Happy new year to one and all! One of the best things about being British born Chinese is easily, having two new years. That's right, the eve of January the 1st I get to drink copious amounts of alcohol with friends, and by the time Chinese new year arrives, I'm ready to spend time with my family, eat copious amounts instead of drink, and attempt to start my new year's resolutions again.
There's nothing quite like spending time with family. At Christmas and new year, all feuds are put aside briefly, and the time for eating commences. I can't imagine a life without two new years now.
When our family get together, more often than not the karaoke machine gets dusted off, and cranked right up. Luckily, my uncle's house stands solitary in a peaceful (!) cul-de-sac and we can warble as tunelessly as we like until the early hours of next year.

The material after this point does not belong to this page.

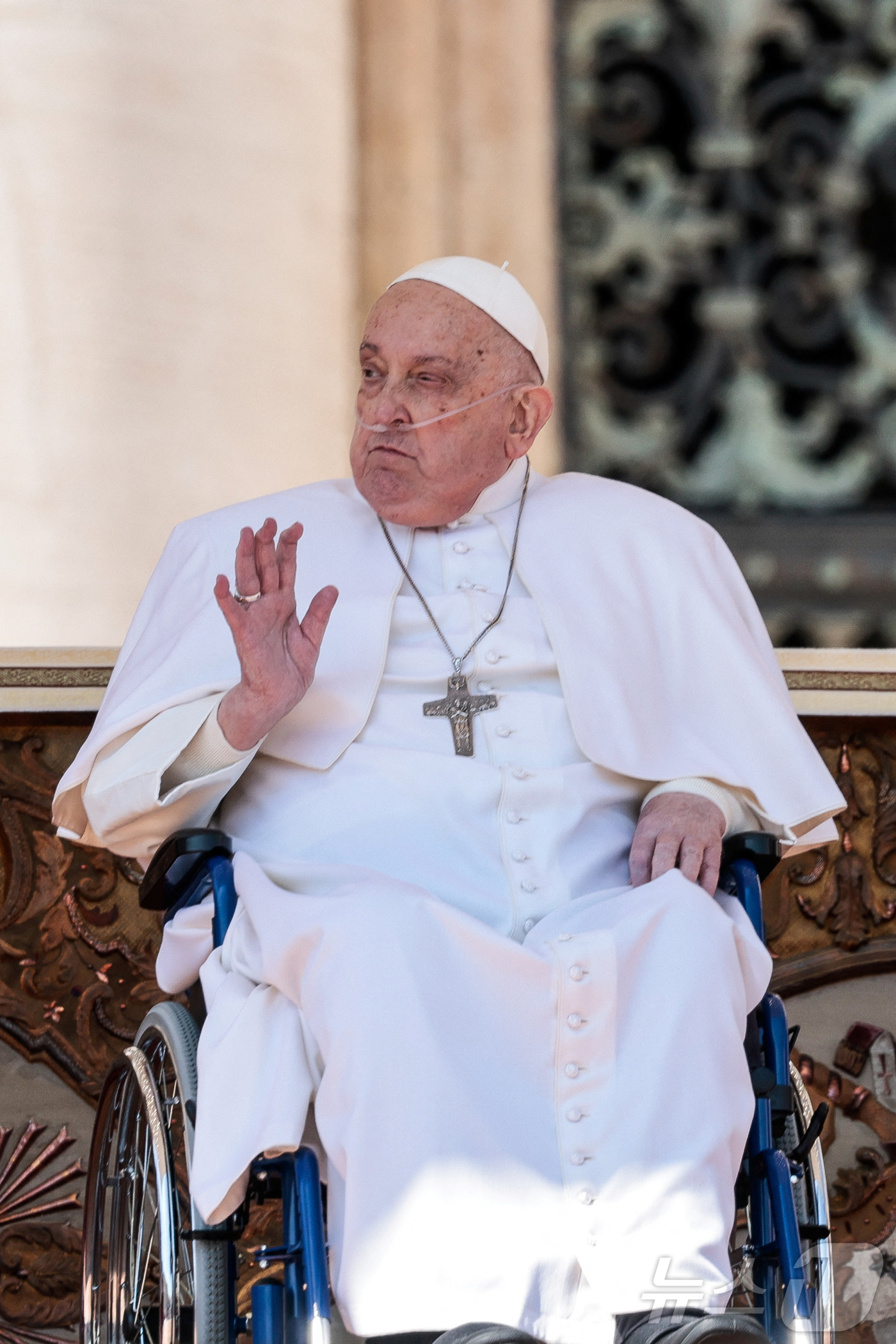 (바티칸 로이터=뉴스1) 우동명 기자 = 프란치스코 교황이 6일(현지시간) 퇴원 2주 만에 휠체어를 타고 호흡용 튜브를 꽂은 채 바티칸의 성 베드로 광장에 깜짝 등장을 하고 있다. …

I don't remember new year's always being like this though. I remember I spent the eve of January 1st 2000 in Hong Kong. I was 13 years old, so drinking, cavorting and partying was completely out of the question. Meanwhile, my cousin's left to arrive fashionably late at their various parties, while I swept my grandmother's floor. Then my uncle came home with my brother.
"So what are your new year's resolutions Cindy?" he asked in a disinterested tone.
I thought hard. "I'm going to write more. I want to be a writer." It was never a case that I wouldn't be. I really had no other plans in life as I was notoriously bad at maths and any science. "I think I want to be a journalist," I deliberated after while.
Much to my surprise, he laughed. "Journalism? Why don't you aspire to get a real job, a job where you're skills are a required service? Like law? Or medicine? Maybe even nutrition," he added, remembering my weaknesses in science.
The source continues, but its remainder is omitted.